In this case, the Petitioner in Insolvency Cause No. 19 of 2017 avers in paragraphs 6 and 7 that demand letters requiring the company to pay its liabilities had been served upon it but they neglected to pay and were thus deemed to be unable to pay its debts as per section 384 of the Insolvency Act. Moreover, in the Company’s Petition for administration orders, the company admits in paragraph 4 that it is indebted to an amount of USD 2,009,509.34 and Kshs. 9,904,950 as claimed against it by the creditors. It is thus clear that there is evidence of financial distress and as such, the first precondition for an administration order under Section 531 of the Insolvency Act has been met.

Now, to the second precondition; In Re Nakumatt Holdings Limited [2017] eKLR the court opined that;

My view is that the use of the word ‘Iikely’ connotes probability and the degree of the probability is then founded in the qualifying word or the general context of the statute. The qualifying word is ‘reasonably’ which in my view does not result in an actual or existent probability. The statute could thus not have meant that the prospect of achieving any of the objectives or all of the objectives under s.522 of the Act must be real. In my view, the use of the phrase “reasonably likely” indicates that something less is required. It is not and should not be that achieving the objectives is a real prospect or real probability. If the facts indicate a reasonable possibility of the company being maintained and rescued as a going concern, then the court must be deemed to have been satisfied under s.531(b) of the Act and it may then exercise its discretion in favour of granting the order.”

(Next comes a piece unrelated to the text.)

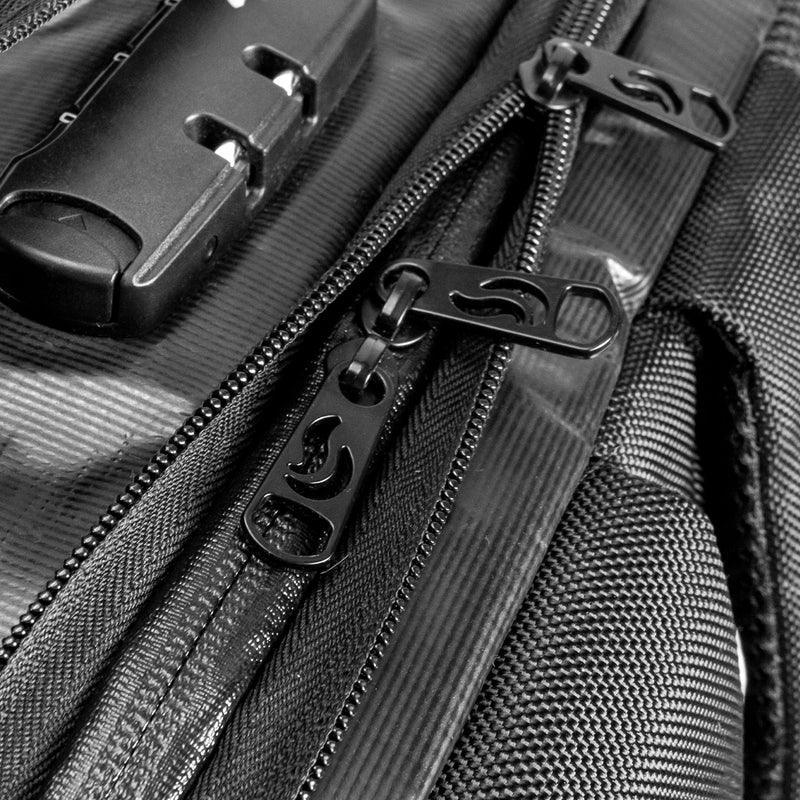 Close-up of black backpack zippers and built-in lock on durable textured fabric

What then this court should determine is whether the company has shown a reasonable possibility of it being maintained and rescued as a going concern. The threshold is very low because one of the reasons as to why the Insolvency Act was enacted is to provide insolvent bodies an alternative to liquidation procedures; administration, for the benefit of their creditors as envisaged in the title.

To demonstrate the reasonable possibility, the company in its Petition listed its assets as:-

a. L.R No. 1870/X11159 (I.R. No. 57684) worth Kshs. 80,000,000

b. L.R No. 209/8611/2 worth Kshs. 600,000,000

c. Machinery on L.R No. 209/8611/2 valued at 132,323,460

d. Debtor in the name Cocorio Investment who owes the Petitioner Kshs. 77,218,321

It was thus the Petitioner’s averment that the property L.R No. 209/8611/2 is able to settle all its liabilities if disposed off at the current market value. In support of this, the Petitioner filed on 25th April 2019 a valuation report of the property which was Kshs. 510,000,000 market value and Kshs. 430,000,000 forced value; the secured creditor did not adduce a current valuation report to the contrary.

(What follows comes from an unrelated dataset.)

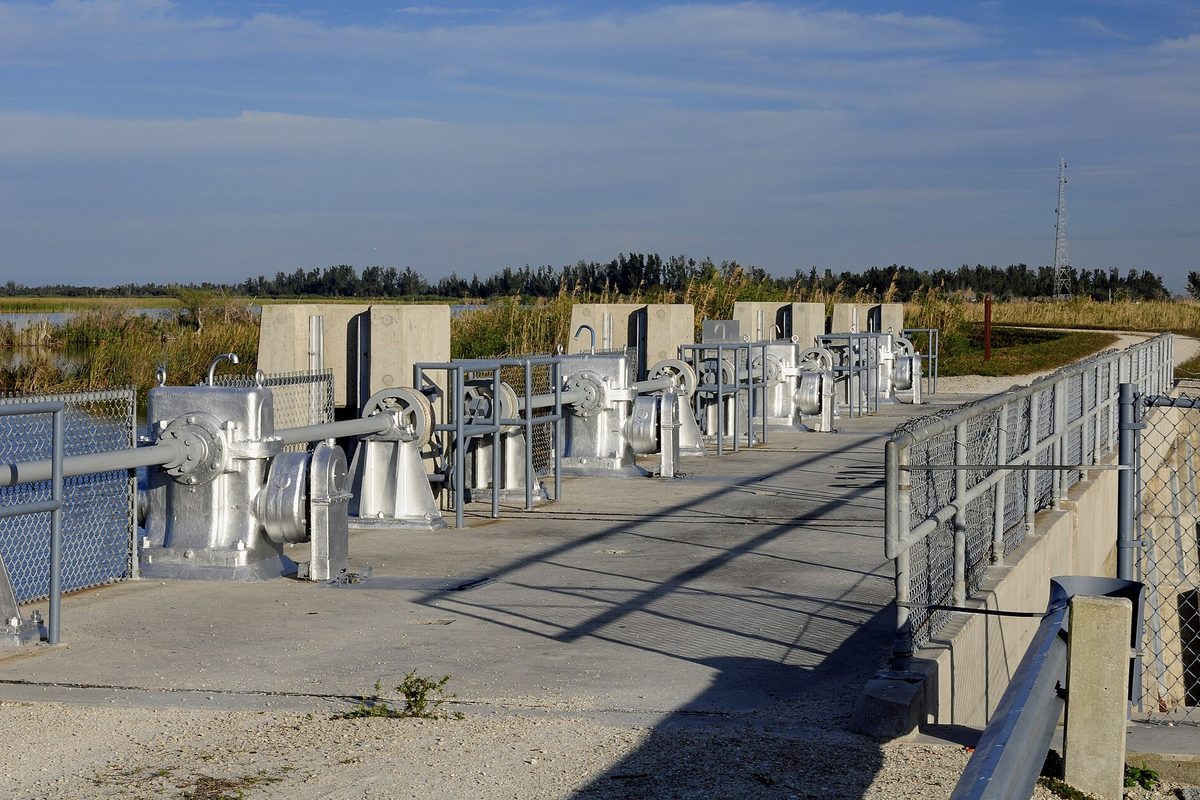 A row of silver gate-lift machines on a concrete water control structure beside a marsh, with a chain-link rail and a blue sky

However, the said property is charged by the Secured Creditor who wants to exercise its statutory power of sale in accordance to a Valuation Report dated 21st June 2018 valuing the property at Kshs. 375,000,000 market value and Kshs. 282,000,000 forced sale value.

As at 30th April 2019, the Statement of Account details the company’s indebtness at Kshs. 355,020,522.96. Prima facie, comparing the debt in the Statement of Account vis’ a vis the current valuation report, the company will be able to offset its liabilities with the secured creditor and still remain with Kshs.154,979,477.04 if the latter disposes off L.R No. 209/8611/2 at the current market value. This court gave orders on 28th March 2019, that both parties furnish it with current valuation reports. However, the Secured Creditor has not complied with such orders and as such is estopped from relying on an outdated valuation report having in mind that a current one is in the court file.

Having evaluated the essential elements that a court should consider before granting an order of administration as laid out under Section 531 of the Insolvency Act, it is my view that the company has clearly demonstrated that it is unable to pay its debts and that an administration order is reasonably likely to achieve an objective of administration and as such administration orders should be granted as provided under Section 533 (1) (a) of the Insolvency Act.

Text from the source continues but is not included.